Par contre, Pékin accélère le tempo, dans la résorption des mauvaises dettes : la structure de défaisance (cf vdlc n°2), qui devait être appliqué expérimentalement à la China Construction Bank (CCB), va l’être immédiatement aux quatre Soeurs (avec Industrial and Commercial Bank of China ou ICBC, Banque de Chine ou BdC, et Agricultural Bank of China ou ABC), et leurs dettes seront reclassées avant décembre, selon les normes internationales.

Echaudés, les créanciers de la (Guangdong) Industrial Trust and Investment Corporation (GITIC) (très grands noms de la finance mondiale) se sont constitués en « comité consultatif » monté à Pékin pour faire pression. La Banque Royale du Canada tenterait de fermer son agence de Shanghai.

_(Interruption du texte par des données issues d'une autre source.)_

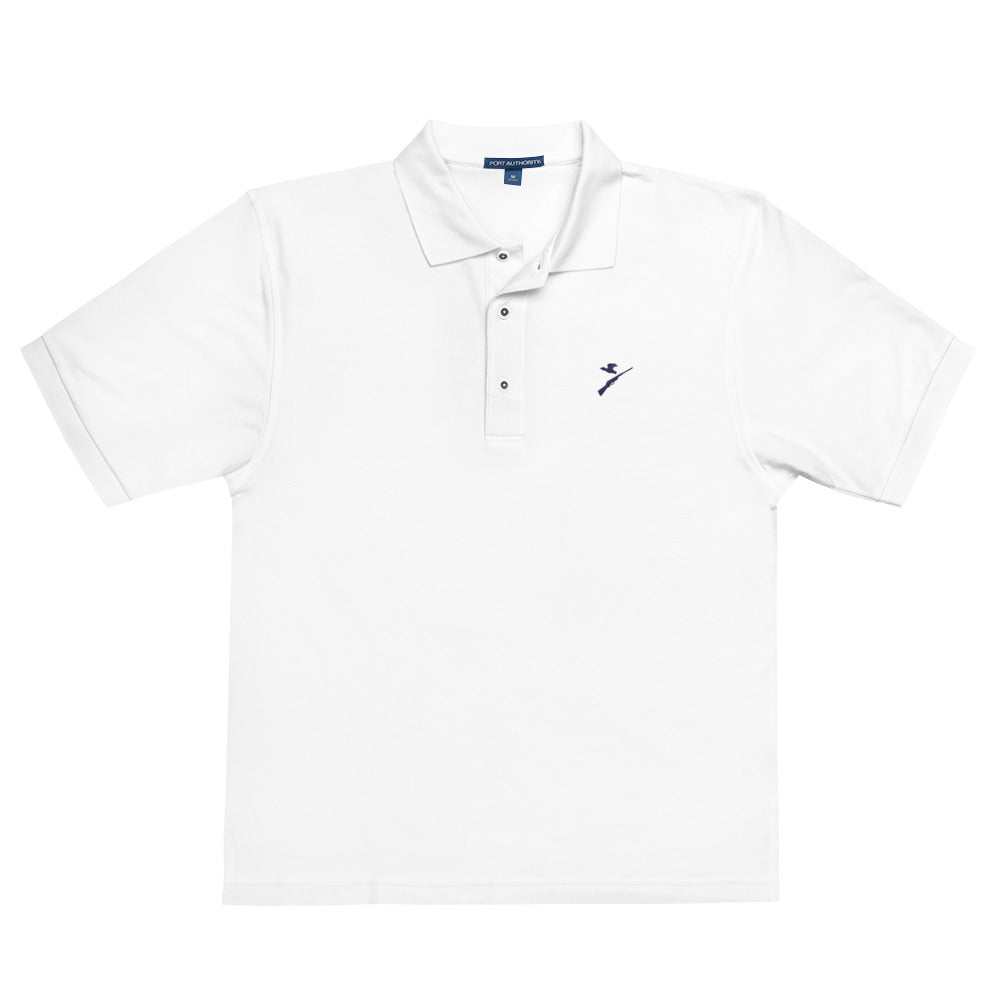 'Duck Life' Men's Premium Polo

Pour sa part, l’Administration d’Etat des devises étrangères (contrôle des changes), la SAFE avertit, qui veut l’entendre à l’étranger, de ne pas prêter à des Entreprises d’Etat – manoeuvre dangereuse et inutile.

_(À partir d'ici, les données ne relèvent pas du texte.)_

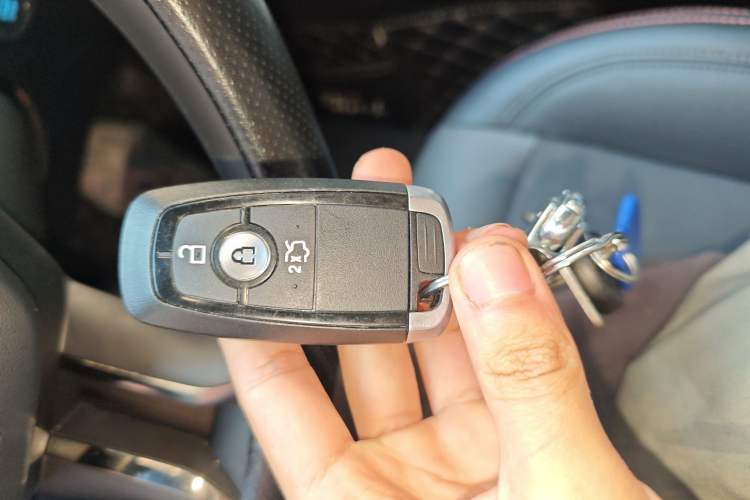 Used Ford Mondeo 2022 Facelifted EcoBoost 245 Ultimate Edition
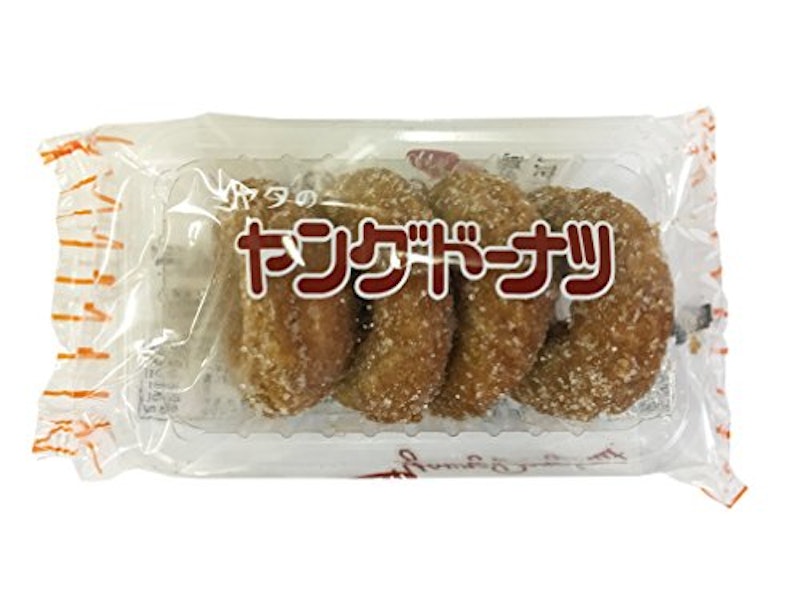 ヤングドーナツ 1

Dans ces conditions, on s’étonne presque de voir la Chine choisir ce moment pour placer pour 1 MMUSD de bons d’Etat sur la Bourse de Hong Kong (8ème  émission depuis 1993, pour aider HongKong à devenir une base régionale du marché de la dette), et Heilongjiang agricole Corporation y tenter sa chance, pour 220MUSD. Moment mal choisi ( les parts « H », à HongKong, sont aussi nues que le roi du conte d’Andersen), mais la vie continue même en bourse !

 


Petit Peuple : ‘Y’a pas seulement qu’à Paris?’

• Gros bourg rural de la ceinture verte de Pékin, Gantou aurait tout pour être heureux. Pourtant, rien ne va plus ! Les cochons périclitent, les poules cassent leurs oeufs, les poissons mêmes se meurent dans leurs mares, les 200 enfants de l’école, n’apprennent pas plus que les instituteurs n’enseignent : c’est dur, pour un village, de se trouver en bout de piste d’atterrissage! Pourtant, en son temps, la State ( Developpment) Planning Commercial (ex SPC, aujourd’hui SDPC) a versé 50MY à l’aéroport pour régler le problème, à l’occasion de l’extension de capacité. Rien n’a été fait à ce jour.

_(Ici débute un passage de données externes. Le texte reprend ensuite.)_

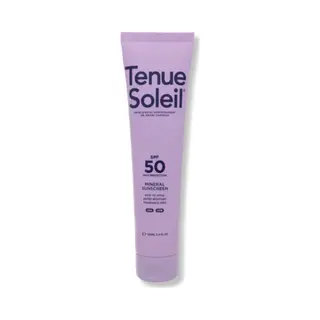 Tenue Soleil Minerale Zonnecrème SPF50 100 Ml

• Les saga combinant amour passionnel et haute finance, ne se passent pas qu’à la télévision californienne. Toutes les chaumières du Henan se passionnent pour le drame dont tremble encore la ville moyenne de Zhumadian : Chen Guilin, dame sur le retour, a refroidi au revolver Liu Mingding, son amant, avant de se faire justice. Chen était vice maire, et Liu, n°2 à la branche municipale de la China Industrial And Commercial Bank (CICB), catapulté à ce poste, grâce aux amitiés de Mme Chen.

En août 1998, vibrant d’amour, elle brise son mariage. Mais lui, velléitaire (ou un peu gigolo), ne veut plus quitter sa femme. Chen l’a tué, avec une arme prêtée par un ex copain de classe, commissaire de police presque un drame de famille !

• Pour célébrer 1998, une heure avant minuit, les moines du célèbre temple bouddhiste Baima à Luoyang (Henan) avaient annoncé un concert de cloches. Mais au moment du carillon, horreur pour les Luoyangais, bonheur pour les touristes nippons, l’air traditionnel était japonais (d’un pays, que l’on a pas oublié, depuis la guerre) : tollé, campagne de presse, pressions, les prêtres promirent de s’amender, et tinrent parole. Au 31 décembre 1998, face à la population réunie, les cloches du monastère gardèrent un majestueux silence. Personne n’ayant, cette fois, l’aumône aux carillonneurs !

• Pourquoi, dans le Guizhou, 2390 lycéens ayant réussi leur concours d’entrée à l’université, ont-ils renoncé à cet indicible privilège (alors qu’en Chine, seul un lycéen sur trois trouve sa place en fac) ? Les enquêteurs, qui s’attendaient, vu la pauvreté de la province, à trouver comme raison l’impécuniosité des familles, ont eu la surprise de l’année : ayant franchi la barre du concours avec les notes les plus basses, ces jeunes tombent sur des instituts trop médiocres, ou trop loin de leurs aspirations, et préfèrent bachoter une année de plus pour repasser leur « bac », « avec mention ».

Belle preuve de confiance en soi, mais si le phénomène est le même dans toute la nation, la promotion annuelle, d’un millions de jeunes, est amputée de quelques dizaines de milliers de jeunes.